Parece muy lejano el día en que se pueda tener de nuevo una bonanza económica y, sobre todo, una visión empresarial y administrativa lo suficientemente arrojada como para actualizar todo el sistema ferroviario para emular los mecanismos y los trenes bala que diariamente transportan a millones de personas en otras partes del mundo… Mientras aquello sucede o no, a nosotros sólo nos queda hacer un pequeño ejercicio de memoria.
En las pocas líneas que me quedan hoy, quisiera recordar con ustedes que mañana, 7 de noviembre, se celebra el Día Nacional del Ferrocarril. Esta efeméride fue establecida en 1944 por el entonces presidente Manuel Ávila Camacho, con el objetivo de conmemorar no sólo a todos los trabajadores de esta industria, sino también -y muy especialmente- a un maquinista de nombre Jesús García Corona, quien otro 7 de noviembre, pero de 1907, sacrificó su vida al quedarse en un tren cargado de dinamita -en lugar de abandonarlo- para alejarlo a toda velocidad del pueblo de Nacozari, Sonora.
El tren, cuya máquina estaba registrada con el número 501, comenzó a incendiarse de repente y se tenían pocos minutos para tomar una decisión. Si García Corona hubiese saltado del tren (como le sugirió uno de los compañeros que viajaba con él), probablemente éste hubiera estallado demasiado cerca de Nacozari, causando incontables muertes y daños. El heroísmo del maquinista consistió justo en aprovechar el tiempo que quedaba para aumentar todo lo posible la velocidad de la máquina, alejando así a la población mencionada de cualquier peligro. Desafortunadamente, al hacer esto, él ya no pudo bajar del tren y murió cuando el fuego alcanzó a la dinamita, haciéndola estallar.

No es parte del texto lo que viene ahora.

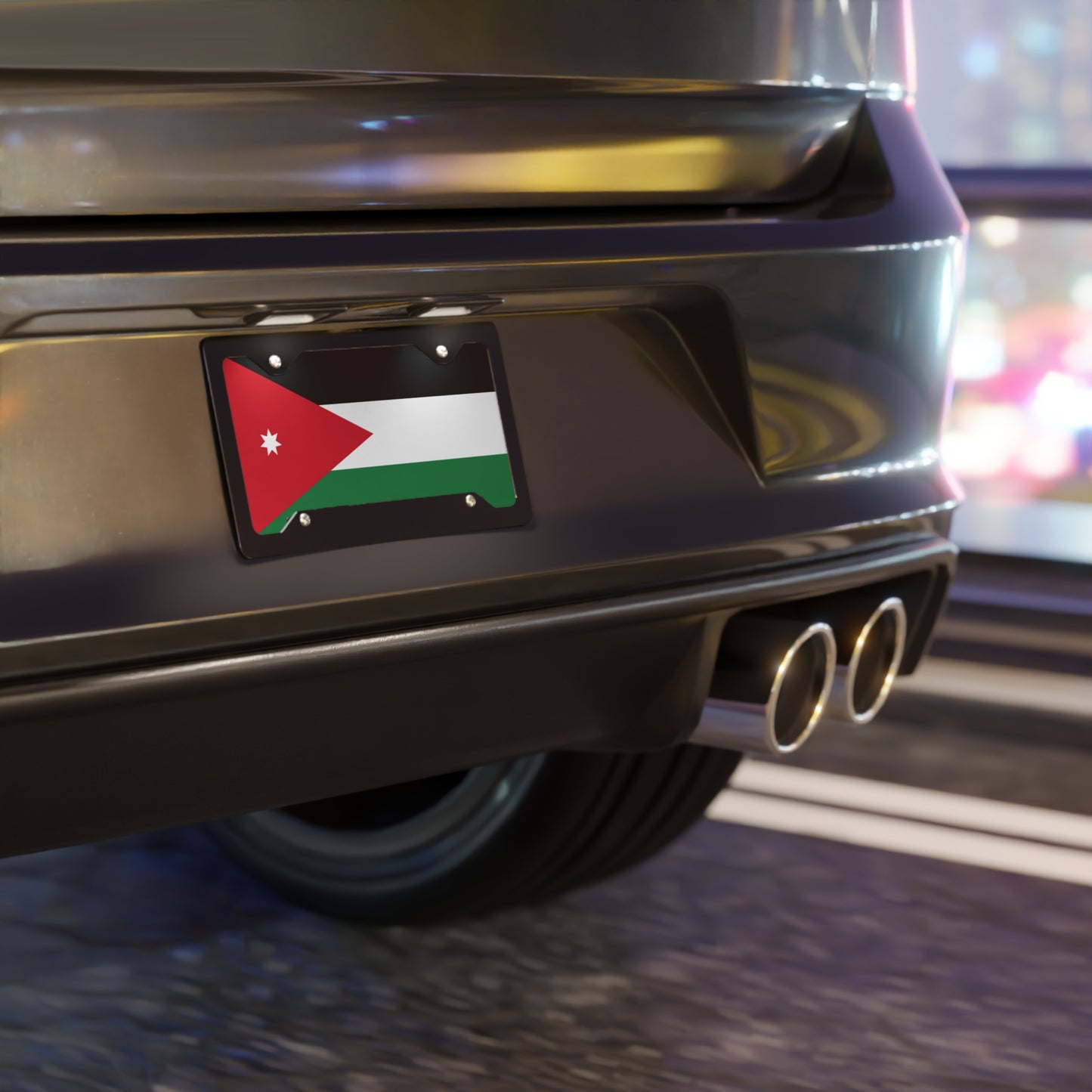 Jordan Flag Vanity Plate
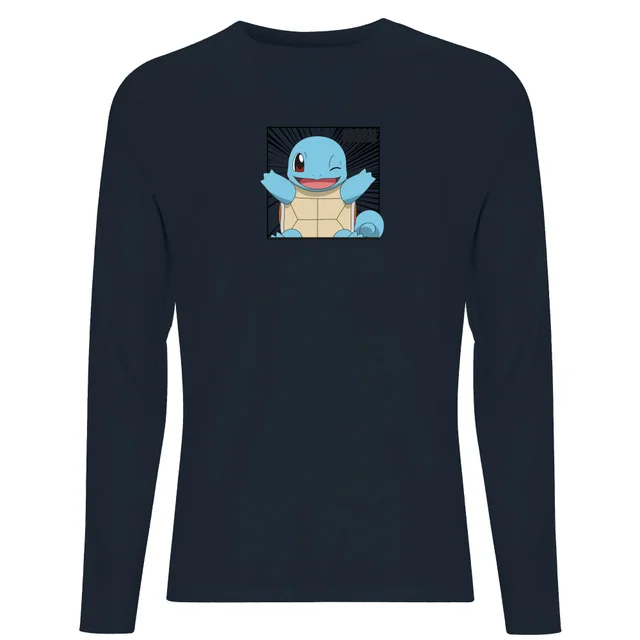 Pokémon Pokédex Squirtle #0007 Men's Long Sleeve T-Shirt - Navy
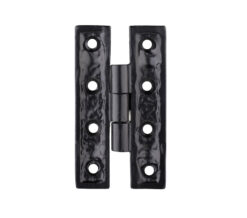 H Cabinet Door Hinge, Black Antique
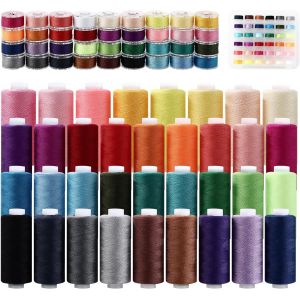 Chenquansarl-Fil À Coudre Kit, 400 Yards De 36 Couleurs Fil Couture Machine A Coudre,Adapté Aux Machines À Coudre Et À Une Utilisation Quotidienne - Neuf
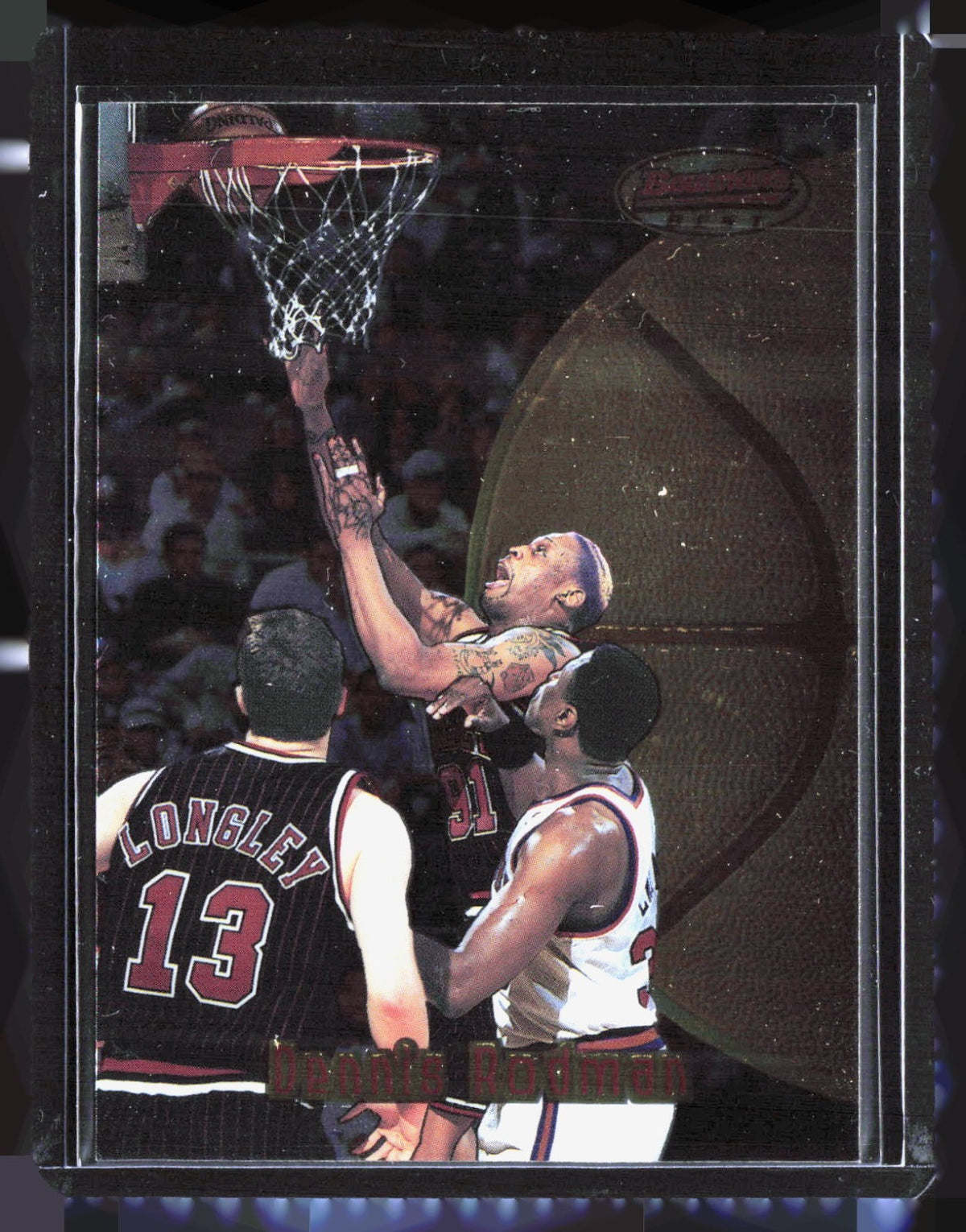 1997-98 Bowman's Best Dennis Rodman 56 Basketball Chicago Bulls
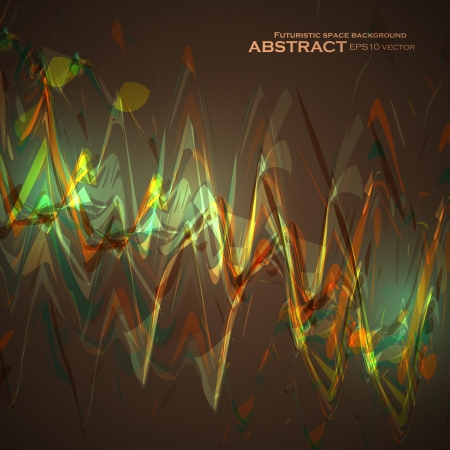 Abstract brown wave vector background, futuristic illustration eps10.のイラスト素材
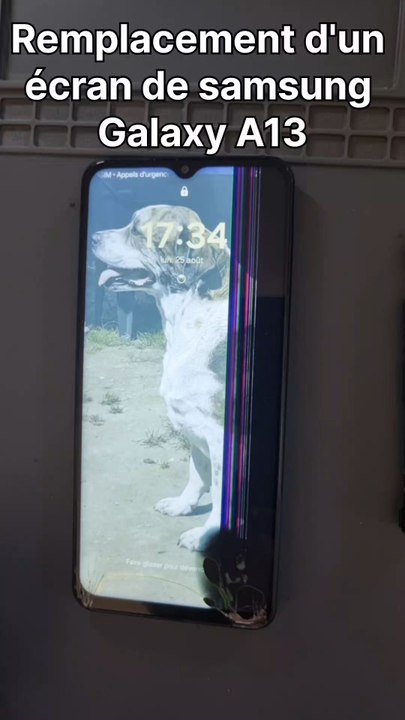 Remplacement d'un écran de Samsung galaxy A13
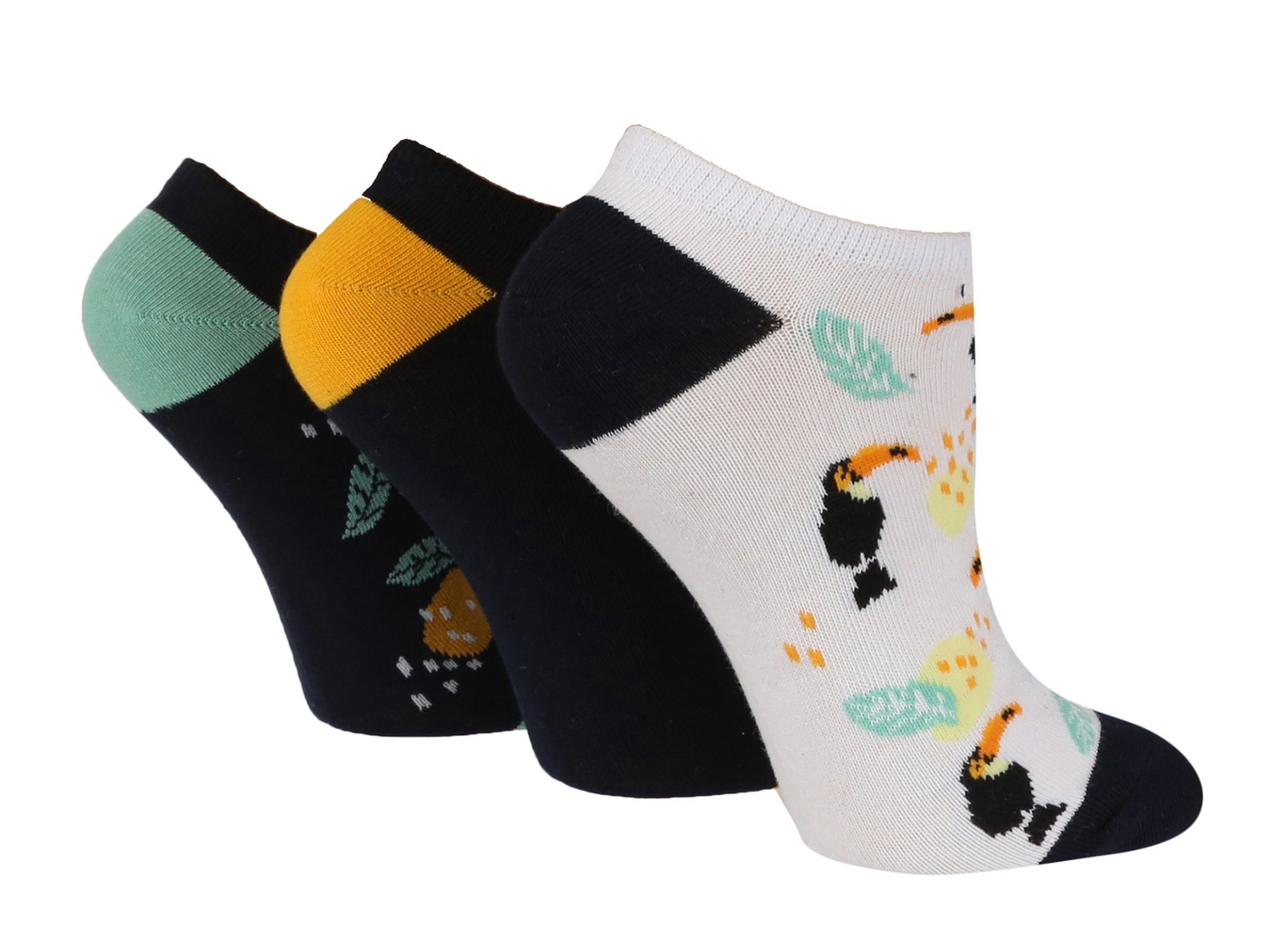 3 Pairs Ladies Trainer Socks | Animals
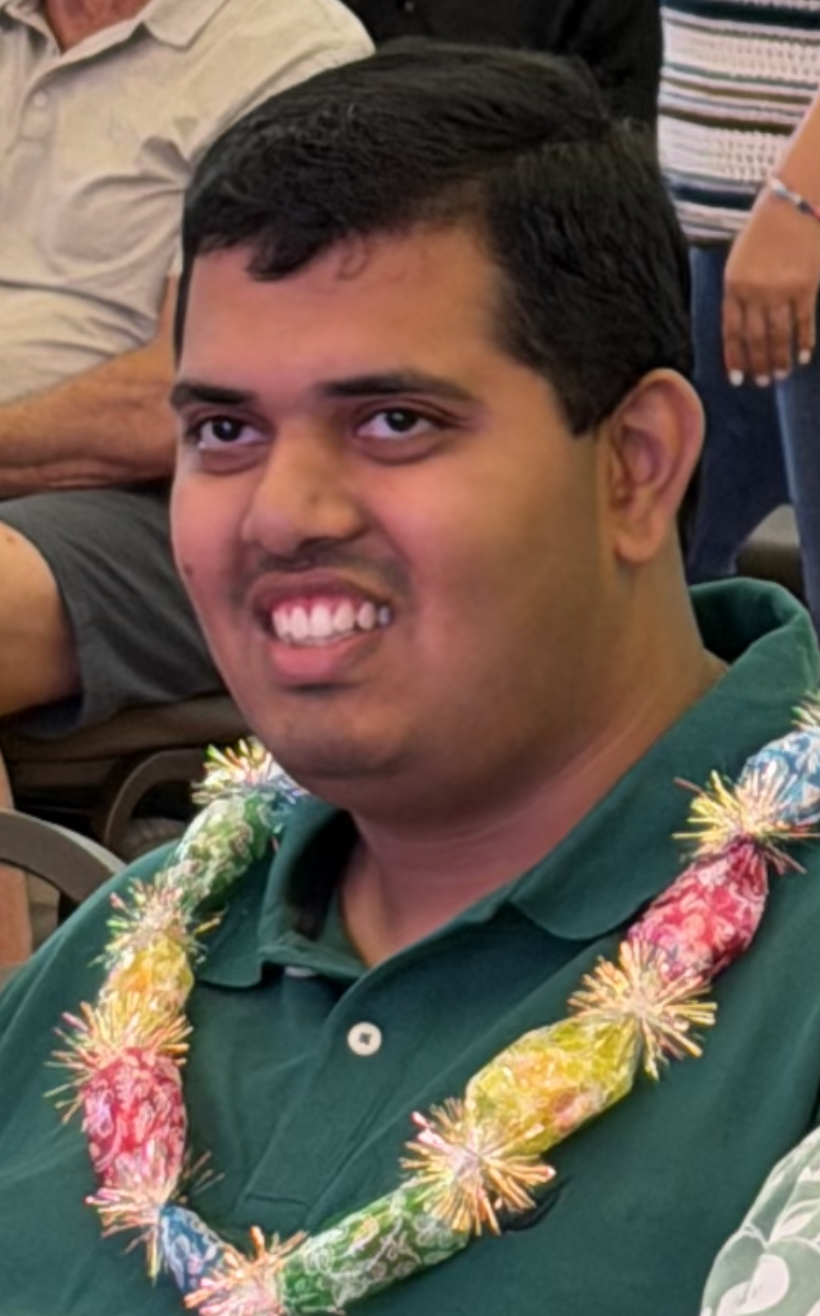 Arkay celebrating with friends and family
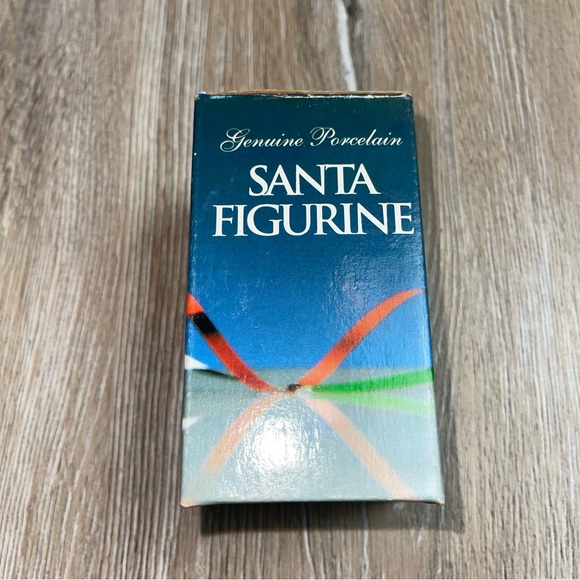 Vintage Porcelain Figurine Santa Christmas 3.5" With Box CS14597. - Picture 8 of 12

El hoy internacionalmente reconocido “Héroe de Nacozari” dio así una muestra absoluta de valor, generosidad y solidaridad, que no podía dejar de ser celebrada y conmemorada como un ejemplo para todos. Ejemplo que en esta época de crisis y polarizaciones nos viene muy bien recordar.
Otro motivo importante para tener aún una efeméride dedicada al ferrocarril es por su papel medular en el desarrollo de la Revolución Mexicana. Para bien y para mal, el sistema ferroviario se convirtió en aquellos años en un eje estratégico para dominar las contiendas bélicas. Podemos decir que en parte gracias a este sistema de transporte, las tropas revolucionarias lograron diversas victorias que, a la postre, derivaron en la derrota definitiva del usurpador Victoriano Huerta.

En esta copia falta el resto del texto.